# Prewar Excelsior parts



## westonflier (Sep 10, 2015)

I'm in need of an arm for my crank , the chain ring side pedal threads are stripped out . It was rigged up so I can still ride it without the chainguard . There are a few other parts I still need for this and other bikes as well - Iverson Dragstripper and Gendron TOC men's bike .


----------



## Crazy8 (Sep 10, 2015)

Looks like a postwar Schwinn DX to me?


----------



## westonflier (Sep 10, 2015)

headbadge


----------



## Crazy8 (Sep 10, 2015)

westonflier said:


> headbadge





I'm guessing you are saying the headbadge is prewar?  Incorrect.  They were found on postwar also.  Your dropouts point to it being a postwar.


----------



## westonflier (Sep 10, 2015)

I'm going by what little research I've done , I haven't taken it apart yet , was riding it pretty much as found until I get the replacement . I know the serial # won't help much and the date on the crank arm might or might not pinpoint the year . It would be nice but not worried either way . I liked it and got a good deal even with the stripped thread issue .


----------



## rustjunkie (Sep 10, 2015)

Cool bike and a worthy project. 

Here's a link to serial #'s/dates for Schwinn:

http://thecabe.com/vbulletin/showthread.php?63993-Schwinn-Serial-Number-Reference


----------



## westonflier (Sep 10, 2015)

Thanks , it goes good with the few that I have . I don't plan to restore it just clean it and replace the crank and probably pedals . I'm going to get tires for the Gendron and then maybe look for a vintage track bike and a Cycletruck or similar delivery bike . I do have several balloon tire bikes that I have found locally that I need to start letting go to clear space .


----------



## westonflier (Sep 10, 2015)

I'm pretty sure it's not a '48 , any thoughts on what year it might be ? I'm off to work now and will check on it later .


----------



## Crazy8 (Sep 10, 2015)

If you look at the 3rd post by Obi Wan....

1947....

For future reference....

Drop outs with adjuster screws are always prewar.  
J hook drop outs like the one you have will always be postwar.

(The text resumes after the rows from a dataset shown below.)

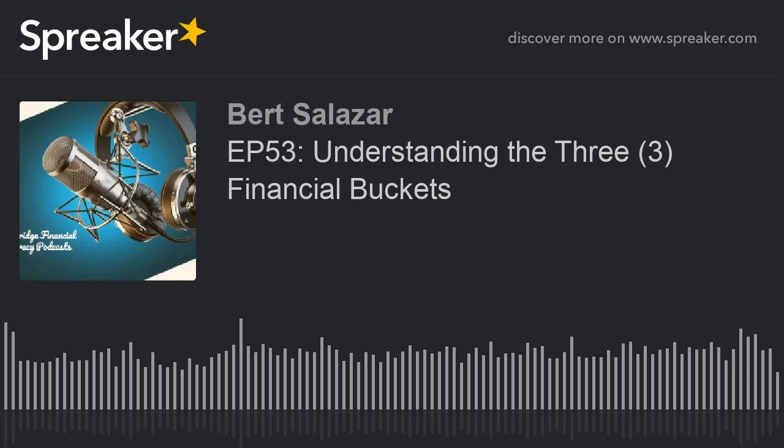Hey, good day everyone. Welcome to another Cambridge Podcast. As always, I'm very glad to be here, and I'm excited about sharing information and providing education to all of you that are joining us on these podcasts on a weekly basis. Today, I'm going to go into a little bit more detail into a podcast that I am going to be calling the Three Financial Buckets.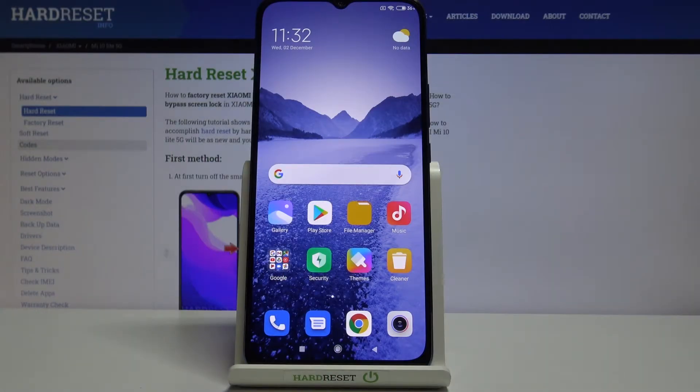Hi everyone, here we've got Xiaomi Mi 10 Lite 5G and let me show you how to reset camera settings on this device.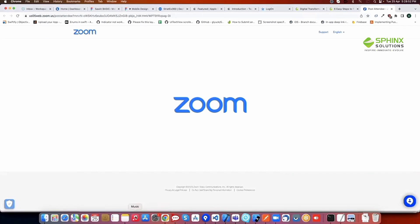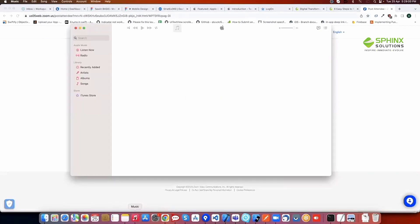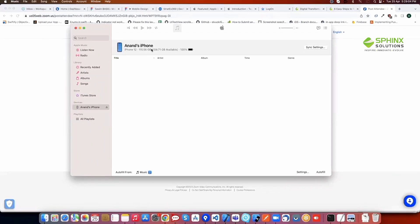First, connect your Apple device to your laptop or PC and then go to iTunes or Music. There you will see your iPhone's name. Click on that device name.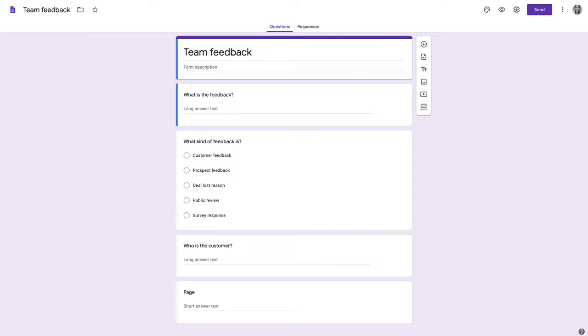Your team often hears feedback from customers. With this easy Chrome extension, you can now keep it all in one place.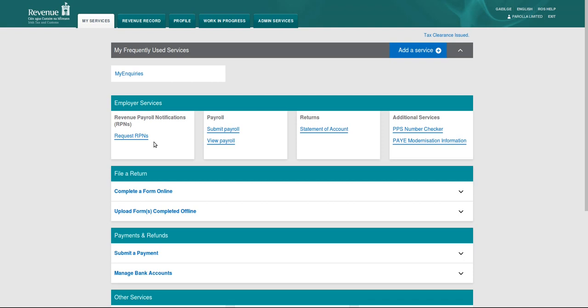Hello and welcome to our Payroller tutorial on retrieving your Revenue Payroll Notification or RPN from the Revenues Online System, ROS.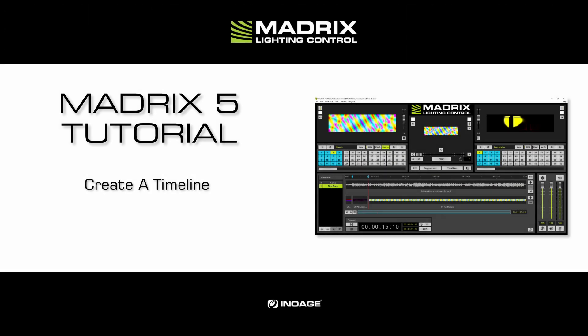Hello and welcome to this tutorial. My name is Thilo. In this tutorial we will learn how to create a timeline.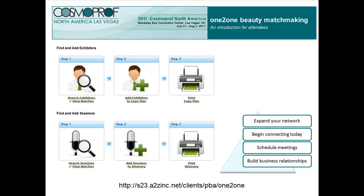Cosmoprof North America One-to-One Beauty Matchmaking enables attendees to schedule meetings with participating exhibitors, build their expo plan and session itinerary, as well as print out a personalized printable show guide in minutes.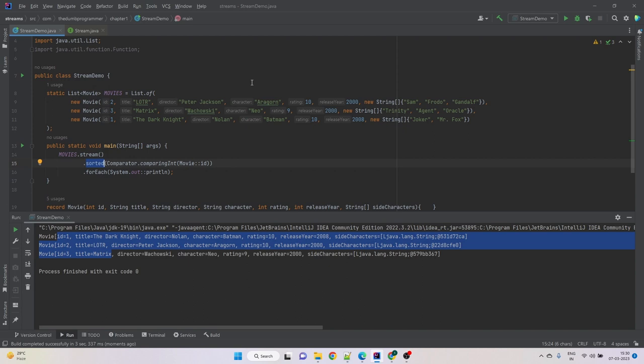That's how we use the sorted methods on a stream and sort items within it. That's it for now. Thank you.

Just don't want you spending prewar money on a postwar bike.


----------



## rustjunkie (Sep 10, 2015)

These are "drop-outs"


----------



## Dale Alan (Sep 10, 2015)

I have this crankset,from a 1947 New World.Not sure if it is correct,or what condition you are looking for.

http://thecabe.com/vbulletin/showthread.php?75461-Schwinn-Crankset-Skip-tooth-1947


----------



## westonflier (Sep 10, 2015)

I'm not worried about getting a "correct" one now . I need to get one that won't damage the guard anymore . I can get an original it when one comes up . PM me .


----------



## westonflier (Sep 10, 2015)

'47 is fine , if I remember right my Pioneer is a '48 .


----------



## SJ_BIKER (Sep 10, 2015)

Looks like the crank on this bike is prewar type....and the badge maybe prewar as well as Excelsior badges post 1946 tended to be ribbon type....im no expert....pro maybe  i have plenty cranks if you are still looking


----------



## Dale Alan (Sep 10, 2015)

westonflier said:


> I'm not worried about getting a "correct" one now . I need to get one that won't damage the guard anymore . I can get an original it when one comes up . PM me .




OK
PM sent.


----------



## The neighbor (Sep 12, 2015)

Duuno if you found the piece you need... I probly have it around hee somewhere... however, you CAN have the piece "Heli-Coiled". Easily done by most any machine shop, and fairly cheaply. Or, I can go dig around...


----------



## westonflier (Sep 12, 2015)

I did get the parts I needed but am still looking for other bits for this and the other bikes - '51 Moark , '48 Schwinn Pioneer and an Iverson Dragstripper .


----------



## westonflier (Sep 21, 2015)

I finally got time to get the old parts off to put the replacements on , and here are the markings on the arm I took out .


----------